#### [Assignment]
Leave out the pictures and set down the rest of the listing below word for word.

#### [Dataset content]
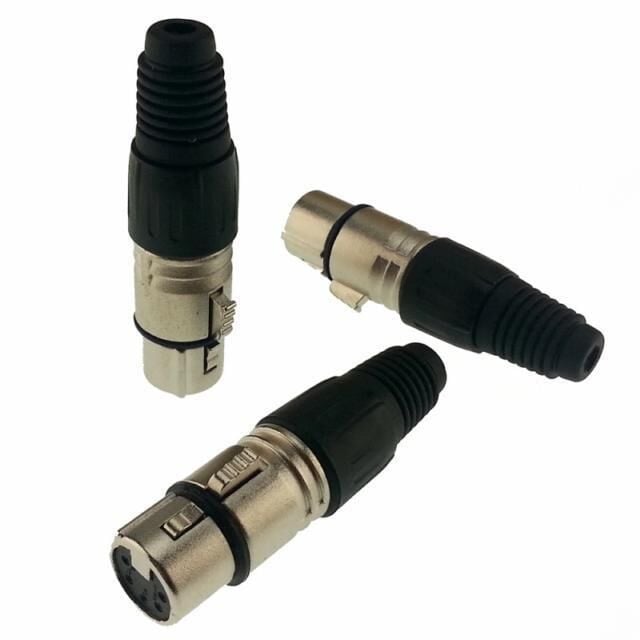Canon 5 Pin Dişi Ara Tip XLR Konnektör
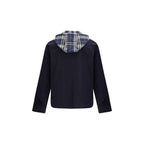 Burberry Blue Polyester Rain Coat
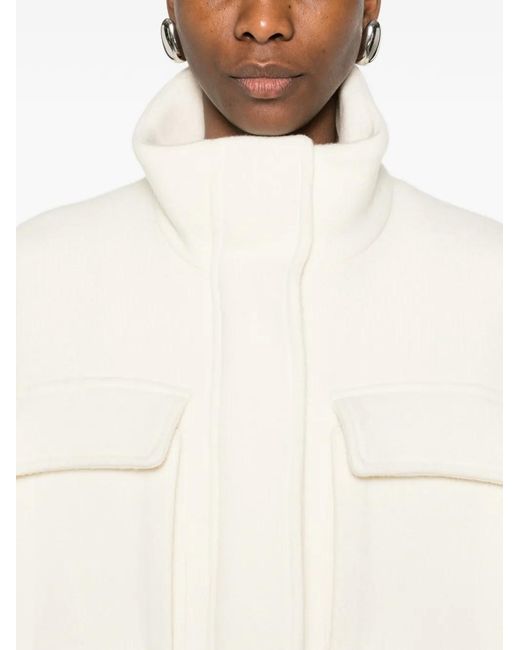 Circus Hotel White Flap Pocket Jacket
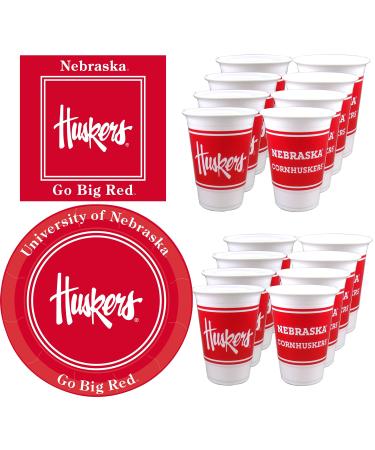 Westrick Nebraska Cornhuskers Party Supplies - Serves 16 (48 pieces)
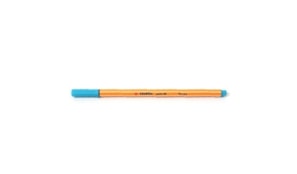 Marcador Fino 0,4mm Stabilo Fineliner Point 88 Turquesa Cx10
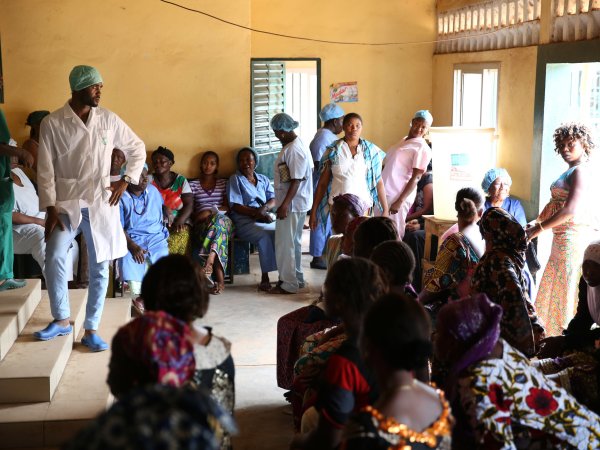 People in a Medical Center in Guinea 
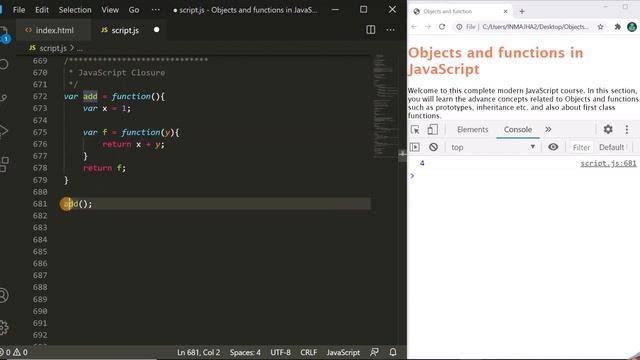 JavaScript closures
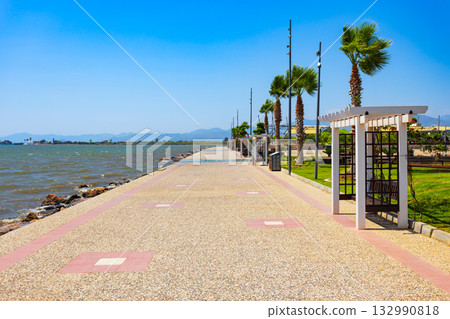 Seafront promenade at the Fethiye city, Turkey 132990818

#### [Task solution]
Canon 5 Pin Dişi Ara Tip XLR Konnektör
 Burberry Blue Polyester Rain Coat
 Circus Hotel White Flap Pocket Jacket
 Westrick Nebraska Cornhuskers Party Supplies - Serves 16 (48 pieces)
 Marcador Fino 0,4mm Stabilo Fineliner Point 88 Turquesa Cx10
 People in a Medical Center in Guinea 
 JavaScript closures
 Seafront promenade at the Fethiye city, Turkey 132990818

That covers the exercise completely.